On commuting automorphisms and central automorphisms of finite 2-groups of almost maximal class

Abstract

Let G be a finite 2-group. In our recent papers, we proved that in a finite 2-group of almost maximal class, the set of all commuting automorphisms, \(\mathcal {A}(G)=\lbrace \alpha \in Aut(G) :x\alpha (x)=\alpha (x)x~~for~ all~ x\in G\rbrace \) is equal to the group of all central automorphisms, \(Aut_{c}(G)\), except only for five ones. Also, we determined the structure of \(Aut_{c}(G)\) and \(\mathcal {A}(G)\) for these five groups. Using these results, in this paper, we find the structure of \(\mathcal {A}(G)=Aut_{c}(G)\) for the remaining 2-groups of almost maximal class.

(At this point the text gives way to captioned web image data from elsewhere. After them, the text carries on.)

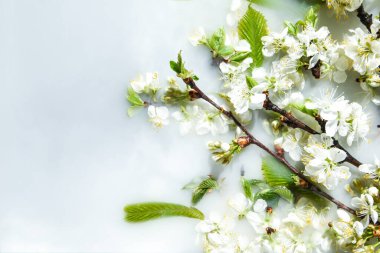 Bahar çiçeği konsepti. Kayısı çiçeği beyaz su arka planında, çiçek açmış, bahar zamanı, seçici odak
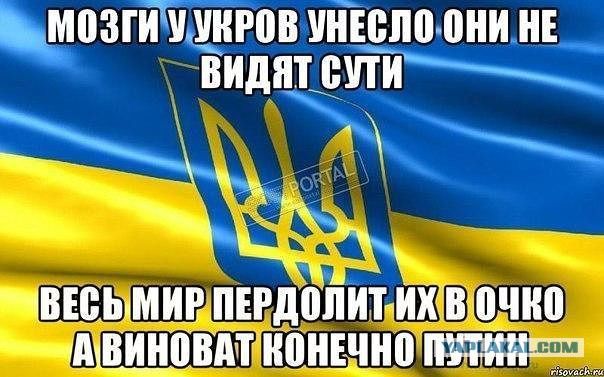 ЦИИЗТИ УУИР0 УИЕШШ ПИИ ИЕ ИИдИТ УТИ ШП ТИВИЕЧИП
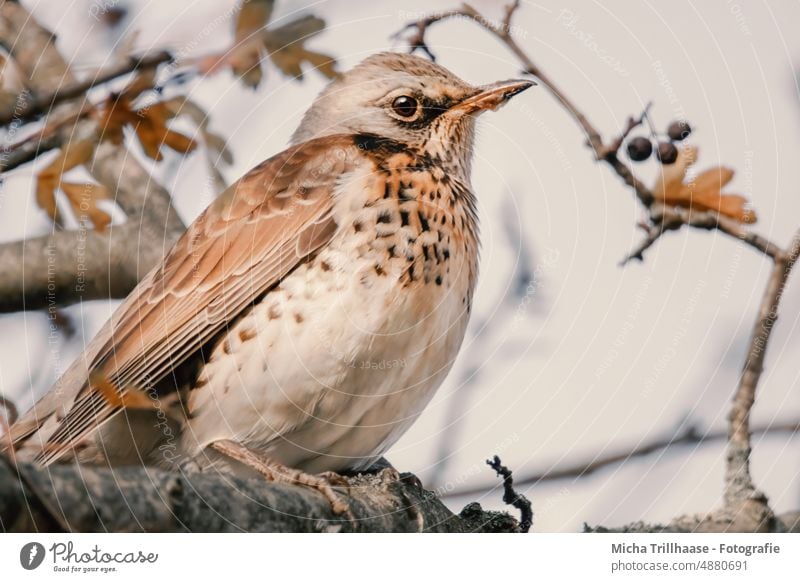 Wacholderdrossel im Baum Turdus pilaris Drossel Vogel Tiergesicht Auge Schnabel Gefieder Federn Flügel Kopf Wildtier Tierporträt Ganzkörperaufnahme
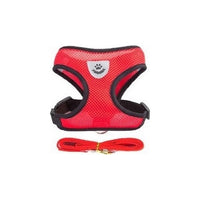 Harnais pour chat confortable et laisse - Rouge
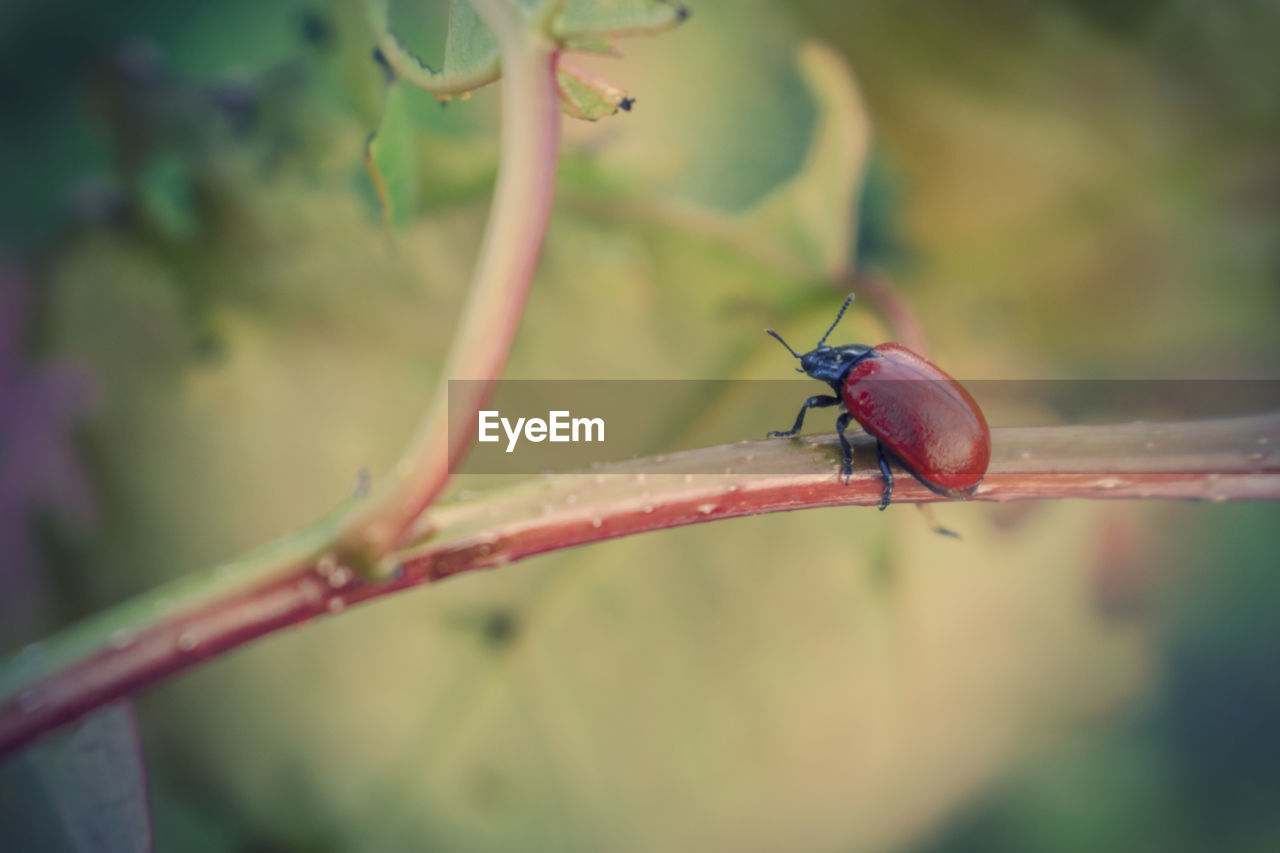 CLOSE-UP OF INSECT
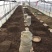 云南纯紫花三叉白芨直播一年小苗5分钱一棵一公斤5000棵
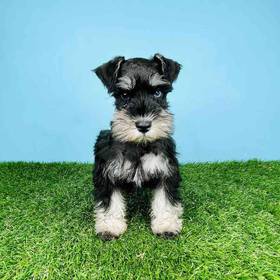 Mini Schnauzer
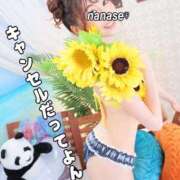 ヒメ日記 2025/06/27 13:22 投稿 ななせ 東京妻next (京都グループ)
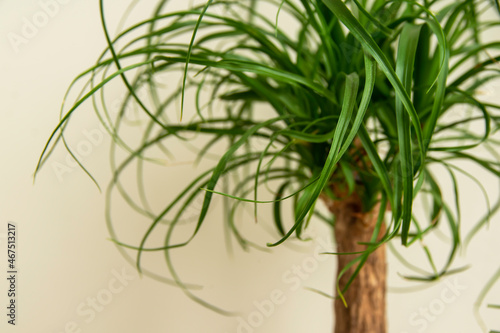 The Beaucarnea Recurvata plant, also known as Ponytail Palm, or Nolina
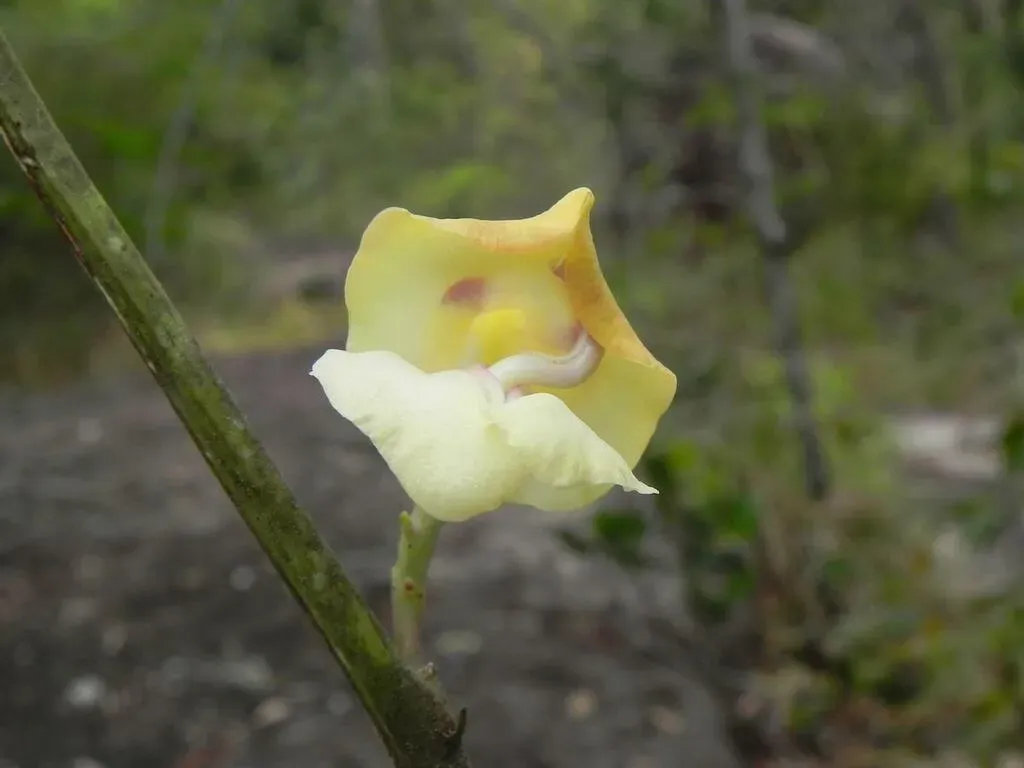 Ancistrotropis Firmula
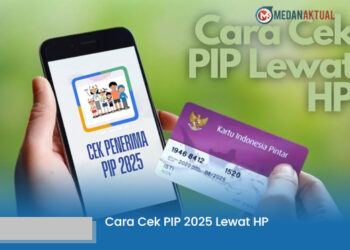 Cara Cek PIP 2025 Lewat HP dengan Mudah
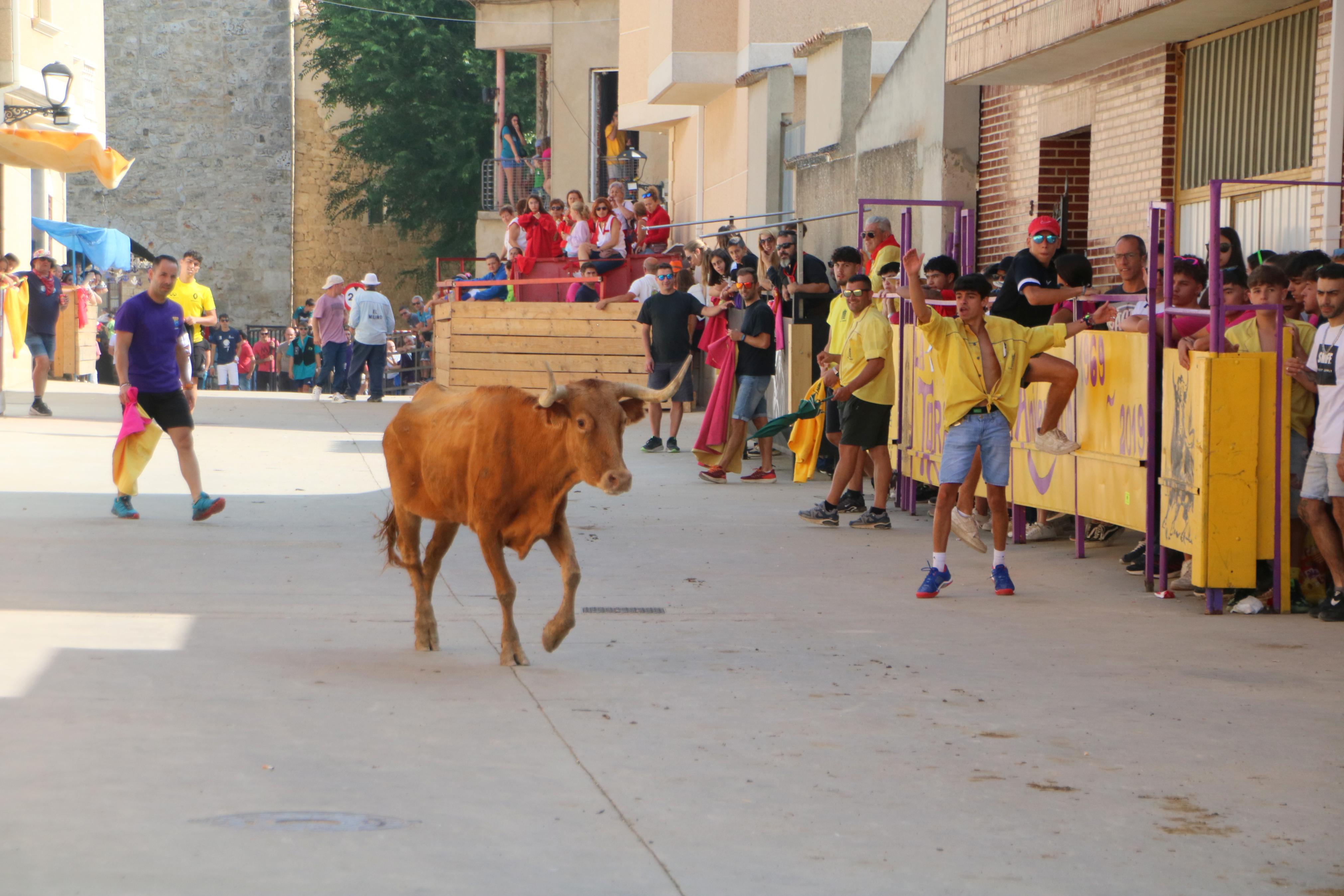 Dueñas celebra sus encierros tradicionales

Also, we prove the following results:

1. (1)

   We characterise the upper central series of these groups.

2. (2)

   We find the necessary and sufficient conditions on 2-groups of almost maximal class in order that \(\mathcal {A}(Inn(G))\) to be equal to \(Aut_{c}(Inn(G))\) or \(Aut_{c}(G)\) to be equal to Z(Inn(G)), that is, \(Aut_{c}(G)\), is as small as possible.

3. (3)

   Also, we show that if G is a group of almost maximal class and order \(2^{n}\), \(n\ge 7\) in which \(2\le d(G^{\prime })\le 3\), then Aut(G) is an \(\mathcal {A}\)-group.